According to the legend, Nyai Loro Kidul was the mortal daughter of a powerful ruler-king of west Java. This king’s concubines jealous of her beauty would have used black magic to turn her into an ugly and old witch. (Other stories say it was a bad stepmother who cast a spell to give her leprosy) In anyways, because of her ugliness, she was forced to leave the palace when she started to wonder through the forest without direction. When she finally got to the ocean, she stopped to rest and fell asleep. She dreamt that she would be cured of her ugliness if she entered the water and drowned herself. She did it ant then became the powerful goddess of the Indonesia’s southern seas.

Following the tradition, her favorite color is green and she is attracted to those who wear this color inside her marine kingdom. Besides that, this beautiful but sometimes evil goddess has a particular interest in surfers, not only because she has got absolute power and control over the waves of Indonesia’s southern seas but also for been known to take young men and turn them into her slaves or lovers.

Both Javanese and sundanese people avoid wearing green when they go to her beaches and very often mothers lock their sons at home in nights when a sacred dance in homage to Nyai Loro Kidul is performed.

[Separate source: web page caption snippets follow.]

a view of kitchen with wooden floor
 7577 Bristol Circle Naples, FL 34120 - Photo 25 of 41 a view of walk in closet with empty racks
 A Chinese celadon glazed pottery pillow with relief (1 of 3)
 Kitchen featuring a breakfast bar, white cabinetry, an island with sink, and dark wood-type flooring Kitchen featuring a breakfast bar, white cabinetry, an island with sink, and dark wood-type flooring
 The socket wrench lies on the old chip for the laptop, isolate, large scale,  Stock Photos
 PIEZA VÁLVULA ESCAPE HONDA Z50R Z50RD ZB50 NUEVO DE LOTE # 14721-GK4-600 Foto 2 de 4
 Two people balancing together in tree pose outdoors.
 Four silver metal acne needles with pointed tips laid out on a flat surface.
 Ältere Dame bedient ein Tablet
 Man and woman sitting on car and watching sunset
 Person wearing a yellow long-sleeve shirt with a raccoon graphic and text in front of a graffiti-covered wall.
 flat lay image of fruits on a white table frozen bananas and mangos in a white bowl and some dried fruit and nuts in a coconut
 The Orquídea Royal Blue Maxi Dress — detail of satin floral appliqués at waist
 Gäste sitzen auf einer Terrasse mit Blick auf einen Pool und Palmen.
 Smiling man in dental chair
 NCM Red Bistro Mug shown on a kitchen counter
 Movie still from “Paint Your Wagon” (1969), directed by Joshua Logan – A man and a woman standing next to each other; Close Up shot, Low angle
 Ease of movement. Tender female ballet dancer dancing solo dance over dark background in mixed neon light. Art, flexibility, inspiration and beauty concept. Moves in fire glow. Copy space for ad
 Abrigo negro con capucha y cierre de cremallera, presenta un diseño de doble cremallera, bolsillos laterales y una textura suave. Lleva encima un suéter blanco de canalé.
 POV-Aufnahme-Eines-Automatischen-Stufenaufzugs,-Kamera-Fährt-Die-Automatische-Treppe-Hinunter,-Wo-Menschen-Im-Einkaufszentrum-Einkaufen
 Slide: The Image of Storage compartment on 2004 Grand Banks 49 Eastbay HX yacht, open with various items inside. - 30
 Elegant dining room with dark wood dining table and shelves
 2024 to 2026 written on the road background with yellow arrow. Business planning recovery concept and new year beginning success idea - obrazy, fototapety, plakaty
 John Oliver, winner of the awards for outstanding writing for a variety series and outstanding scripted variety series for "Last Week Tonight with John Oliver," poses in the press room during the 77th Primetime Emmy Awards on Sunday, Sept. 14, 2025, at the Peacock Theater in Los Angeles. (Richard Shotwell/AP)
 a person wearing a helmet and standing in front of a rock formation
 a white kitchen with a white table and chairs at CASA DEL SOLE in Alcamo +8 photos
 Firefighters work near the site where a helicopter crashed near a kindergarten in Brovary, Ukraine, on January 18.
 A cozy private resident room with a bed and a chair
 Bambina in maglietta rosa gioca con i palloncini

Even for those who are not superstitious, it is always good to be careful. There are recorded stories about surfers and other people who ventured in her waters wearing green and afterwards were troubled by some disgrace.

In one story published in “The Jakarta Post” in September 1995, a man who challenged this taboo wore a green t-shirt at one beach o the coast of Cilacap on west Java. “he can not look backwards now, because all he sees are monsters.” reported the post.

In another occasion, in Jan 1993, a huge fire burned completely the “Grand Bali Beach Hotel” in Sanur, Bali, leaving only 5% of the hotel undamaged. Only one room, room 327, stayed untouched by both the flames and smoke. Coincidentally room 327 was a “private” room that has always been specially reserved for the legendary sea queen.

To the balinese this was a clear message that the had not yet done enough work to please her majesty. Soon after they understood this sign, priests quickly start making religious offerings and prayers to prevent and calm down possible future hysterical attacks.

Since then the hotel has been rebuilt and room 327 has been redecorated with a lot more generosity and luxury.

NB:  There is another room reserved for the Queen at 2401 (see report below)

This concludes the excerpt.